Tell me about the college draft process in Pittsburgh?
It was a daunting process. A lot of man hours and money for five-to-seven draft picks. It starts the year before when we go to the BLESTO meetings and they give us a list of all the guys in college they think we should look at. Then the college scouting director and Colbert break up the schools by scouts and they go pound the road. They go watch games and practices and get all of their evaluations and information together and meet. Then they do background checks and character checks on those players we planned to talk about. Then we go to the combine and All-Star games.
On the personnel side we always looked at it that it didn’t matter if we were wrong or right in September. We just needed to be right on draft day. It’s a long process and you get information late in the process that may change opinions. It always amazes me that one team may look at a guy as a third rounder and another team sees them as a first rounder.
How do such discrepancies in evaluations exist?
It’s the subjectiveness of the business. I always compared it to models. Everyone sees a supermodel and knows they are a supermodel. But the TV ad models and B-list celebrities are like the second and third rounders. Those all change in ranking according to opinion. What you like in a model or player I may not. And the vision and value of each in terms of where they should be drafted shift from guy to guy. Fitting their value with your vision matters too. Coaches don’t always see the entire draft board like we do. That’s where the personnel people come in. We evaluate where they fit in the overall draft.
Give me a couple of good draft stories you remember?
Phil Kreidler did a lot of work on Nate Washington out of Tiffin. I went to his Pro day when he ran on a rubber track – that’s how some of those small schools are. Everyone knew Phil liked him and when Coach Cowher asked Phil if he was drafted. Phil said no. So Cowher told him to call him and sign him. The rest is history – Nate ended up playing ten or so years in the NFL.

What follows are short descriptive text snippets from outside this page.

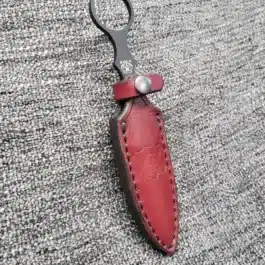 a red Handmade leather Sheath for the Benchmade SOCP Dagger with a black handle.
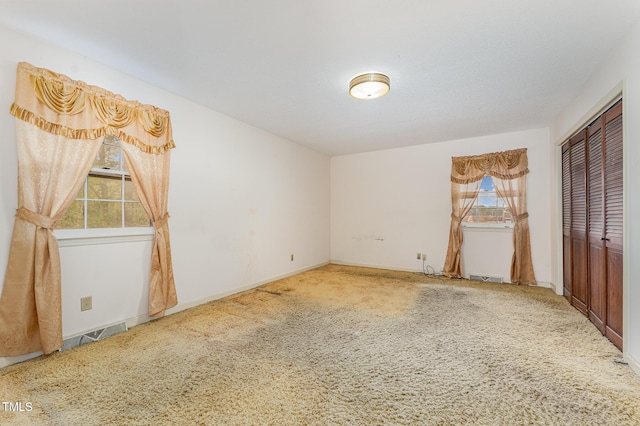 unfurnished bedroom featuring carpet, baseboards, and a closet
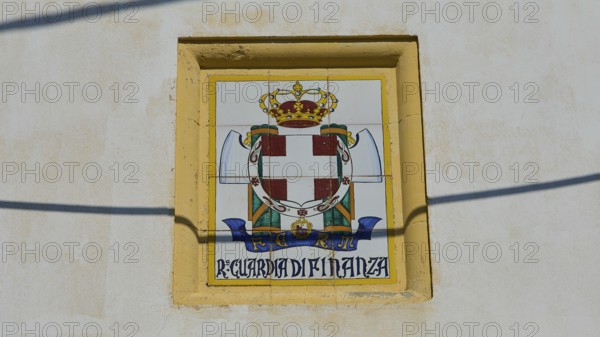 Guardia di Finanza, Coat of arms with crown and shield on beige background, textual elements,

Fast Willie Parker ended up starting for us. We knew that year that no highly ranked undrafted free agents would want to sign with us. We had Jerome Bettis, Duce Staley, and Amos Zereoue then. But Dan Rooney Jr. said he remembered this kid from North Carolina who was good in high school and had great speed. He said let’s go get him. The next thing you know he’s breaking the Super Bowl record for the longest touchdown run.
Any free agent signings that excited you most?
The one I think I was most excited about was getting James Farrior from the Jets. When he first got here it took time for him to transfer his skills from a 4-3 to 3-4 defense. When I saw him in the first couple of practices, I was like…oooh no… Then, once he clicked, he was great. When we recruited him he came in and I think he really liked the guys in the locker room and the team chemistry.
The Steelers have a reputation for being one of the most secretive teams in the NFL. True?
Today I think the secrecy is getting to be less and less as information overload is just happening in life in general. A lot of times people like to talk to the press. To their buddies. We just tried to do less of that. Some guys like to give out information and false information. It’s a tricky business especially around the draft. We always tried to get more information than we gave. To not give away the blueprint.
Did you ever give out false information in the name of secrecy?
I can neither confirm or deny that.
Lastly, life as a scout is taxing – lots of travel and long hours. How do you handle that, especially with a family?
It’s all I’ve known. Someone who grows up in the country will go to the city and ask how anyone can live there. And someone in the city who goes to the country asks the same thing. This was my second job ever and the lifestyle I’ve always lived. Since I started dating my wife, she knew that’s what I was about and it’s worked well for me so far!